*** Available data ***
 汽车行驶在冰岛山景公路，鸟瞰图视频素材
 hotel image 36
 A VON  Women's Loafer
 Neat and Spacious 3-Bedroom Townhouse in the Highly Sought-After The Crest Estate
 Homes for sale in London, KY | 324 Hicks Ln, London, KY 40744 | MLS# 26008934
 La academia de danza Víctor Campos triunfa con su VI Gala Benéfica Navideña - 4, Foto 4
*** End of Available data ***
Task requirements: From the line holding "Neat and Spacious" to the end of the listing, copy every line exactly, both ends included, and add nothing.

Exercise response:
 Neat and Spacious 3-Bedroom Townhouse in the Highly Sought-After The Crest Estate
 Homes for sale in London, KY | 324 Hicks Ln, London, KY 40744 | MLS# 26008934
 La academia de danza Víctor Campos triunfa con su VI Gala Benéfica Navideña - 4, Foto 4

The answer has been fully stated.